■ What you need to do ■
All lines from the one with "Got the four-wheel" to the end of the data: return those exactly, and only those.

**********

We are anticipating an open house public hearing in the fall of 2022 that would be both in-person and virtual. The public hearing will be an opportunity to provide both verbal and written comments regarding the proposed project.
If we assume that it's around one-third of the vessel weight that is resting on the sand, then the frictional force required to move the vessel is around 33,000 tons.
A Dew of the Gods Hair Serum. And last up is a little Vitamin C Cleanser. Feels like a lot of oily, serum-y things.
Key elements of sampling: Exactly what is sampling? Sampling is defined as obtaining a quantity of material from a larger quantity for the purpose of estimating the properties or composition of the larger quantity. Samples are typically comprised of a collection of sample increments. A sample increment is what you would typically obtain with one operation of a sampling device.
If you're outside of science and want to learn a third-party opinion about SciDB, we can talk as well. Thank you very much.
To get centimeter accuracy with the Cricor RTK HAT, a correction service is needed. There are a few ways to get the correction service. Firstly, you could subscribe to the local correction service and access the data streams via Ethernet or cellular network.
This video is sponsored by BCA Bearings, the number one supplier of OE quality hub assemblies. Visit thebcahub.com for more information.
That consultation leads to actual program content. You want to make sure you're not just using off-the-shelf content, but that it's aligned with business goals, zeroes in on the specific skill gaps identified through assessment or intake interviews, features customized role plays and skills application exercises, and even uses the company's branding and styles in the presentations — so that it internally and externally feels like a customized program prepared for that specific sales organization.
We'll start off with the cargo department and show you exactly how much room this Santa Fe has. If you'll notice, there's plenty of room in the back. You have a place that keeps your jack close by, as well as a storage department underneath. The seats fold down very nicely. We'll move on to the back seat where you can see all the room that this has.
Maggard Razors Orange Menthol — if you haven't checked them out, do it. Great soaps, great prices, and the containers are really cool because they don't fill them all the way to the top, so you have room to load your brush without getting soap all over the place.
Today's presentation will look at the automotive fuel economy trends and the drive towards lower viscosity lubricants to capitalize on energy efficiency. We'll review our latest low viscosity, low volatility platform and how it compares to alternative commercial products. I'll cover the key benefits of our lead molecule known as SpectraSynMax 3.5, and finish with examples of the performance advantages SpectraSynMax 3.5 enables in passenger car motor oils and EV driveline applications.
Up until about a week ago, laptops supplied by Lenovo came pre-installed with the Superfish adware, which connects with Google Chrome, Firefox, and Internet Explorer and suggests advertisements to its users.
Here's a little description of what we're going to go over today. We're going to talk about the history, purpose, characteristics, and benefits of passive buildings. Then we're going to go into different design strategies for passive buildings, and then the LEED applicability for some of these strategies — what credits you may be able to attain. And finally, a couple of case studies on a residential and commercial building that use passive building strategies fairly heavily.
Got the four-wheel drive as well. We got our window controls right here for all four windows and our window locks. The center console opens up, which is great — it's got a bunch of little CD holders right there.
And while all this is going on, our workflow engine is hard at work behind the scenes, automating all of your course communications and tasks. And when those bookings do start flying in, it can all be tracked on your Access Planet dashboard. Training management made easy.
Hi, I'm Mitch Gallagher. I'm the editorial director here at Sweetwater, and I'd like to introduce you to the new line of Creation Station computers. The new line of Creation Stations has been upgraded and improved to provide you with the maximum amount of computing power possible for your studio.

**********

■ Answer to the exercise ■
Got the four-wheel drive as well. We got our window controls right here for all four windows and our window locks. The center console opens up, which is great — it's got a bunch of little CD holders right there.
And while all this is going on, our workflow engine is hard at work behind the scenes, automating all of your course communications and tasks. And when those bookings do start flying in, it can all be tracked on your Access Planet dashboard. Training management made easy.
Hi, I'm Mitch Gallagher. I'm the editorial director here at Sweetwater, and I'd like to introduce you to the new line of Creation Station computers. The new line of Creation Stations has been upgraded and improved to provide you with the maximum amount of computing power possible for your studio.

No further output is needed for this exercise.